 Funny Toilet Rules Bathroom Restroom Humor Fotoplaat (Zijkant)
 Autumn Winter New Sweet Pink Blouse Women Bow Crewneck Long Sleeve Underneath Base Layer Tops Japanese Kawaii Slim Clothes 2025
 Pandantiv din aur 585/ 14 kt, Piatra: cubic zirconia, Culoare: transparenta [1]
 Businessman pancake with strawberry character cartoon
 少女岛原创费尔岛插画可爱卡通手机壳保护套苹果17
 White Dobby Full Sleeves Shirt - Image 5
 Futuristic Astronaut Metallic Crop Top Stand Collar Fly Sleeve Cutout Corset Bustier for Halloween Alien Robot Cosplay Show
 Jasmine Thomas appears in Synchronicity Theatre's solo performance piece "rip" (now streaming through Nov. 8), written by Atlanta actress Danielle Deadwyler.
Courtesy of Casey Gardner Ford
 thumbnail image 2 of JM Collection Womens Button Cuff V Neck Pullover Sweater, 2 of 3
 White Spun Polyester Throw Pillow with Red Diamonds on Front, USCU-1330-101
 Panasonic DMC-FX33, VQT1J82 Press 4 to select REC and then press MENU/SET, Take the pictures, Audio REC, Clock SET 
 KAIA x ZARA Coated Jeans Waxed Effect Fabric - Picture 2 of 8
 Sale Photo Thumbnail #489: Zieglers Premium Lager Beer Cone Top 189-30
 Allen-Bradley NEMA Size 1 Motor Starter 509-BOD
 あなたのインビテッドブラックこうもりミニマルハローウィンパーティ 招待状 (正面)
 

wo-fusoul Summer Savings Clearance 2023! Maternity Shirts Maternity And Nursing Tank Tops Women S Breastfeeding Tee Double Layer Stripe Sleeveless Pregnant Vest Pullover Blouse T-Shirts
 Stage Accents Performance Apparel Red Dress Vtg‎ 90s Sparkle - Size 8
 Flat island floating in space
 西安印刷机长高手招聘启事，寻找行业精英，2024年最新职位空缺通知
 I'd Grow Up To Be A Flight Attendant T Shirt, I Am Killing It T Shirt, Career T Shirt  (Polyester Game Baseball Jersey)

What to produce:
Please copy the entire listing, leaving each line exactly as written.

Written answer:
 Funny Toilet Rules Bathroom Restroom Humor Fotoplaat (Zijkant)
 Autumn Winter New Sweet Pink Blouse Women Bow Crewneck Long Sleeve Underneath Base Layer Tops Japanese Kawaii Slim Clothes 2025
 Pandantiv din aur 585/ 14 kt, Piatra: cubic zirconia, Culoare: transparenta [1]
 Businessman pancake with strawberry character cartoon
 少女岛原创费尔岛插画可爱卡通手机壳保护套苹果17
 White Dobby Full Sleeves Shirt - Image 5
 Futuristic Astronaut Metallic Crop Top Stand Collar Fly Sleeve Cutout Corset Bustier for Halloween Alien Robot Cosplay Show
 Jasmine Thomas appears in Synchronicity Theatre's solo performance piece "rip" (now streaming through Nov. 8), written by Atlanta actress Danielle Deadwyler.
Courtesy of Casey Gardner Ford
 thumbnail image 2 of JM Collection Womens Button Cuff V Neck Pullover Sweater, 2 of 3
 White Spun Polyester Throw Pillow with Red Diamonds on Front, USCU-1330-101
 Panasonic DMC-FX33, VQT1J82 Press 4 to select REC and then press MENU/SET, Take the pictures, Audio REC, Clock SET 
 KAIA x ZARA Coated Jeans Waxed Effect Fabric - Picture 2 of 8
 Sale Photo Thumbnail #489: Zieglers Premium Lager Beer Cone Top 189-30
 Allen-Bradley NEMA Size 1 Motor Starter 509-BOD
 あなたのインビテッドブラックこうもりミニマルハローウィンパーティ 招待状 (正面)
 

wo-fusoul Summer Savings Clearance 2023! Maternity Shirts Maternity And Nursing Tank Tops Women S Breastfeeding Tee Double Layer Stripe Sleeveless Pregnant Vest Pullover Blouse T-Shirts
 Stage Accents Performance Apparel Red Dress Vtg‎ 90s Sparkle - Size 8
 Flat island floating in space
 西安印刷机长高手招聘启事，寻找行业精英，2024年最新职位空缺通知
 I'd Grow Up To Be A Flight Attendant T Shirt, I Am Killing It T Shirt, Career T Shirt  (Polyester Game Baseball Jersey)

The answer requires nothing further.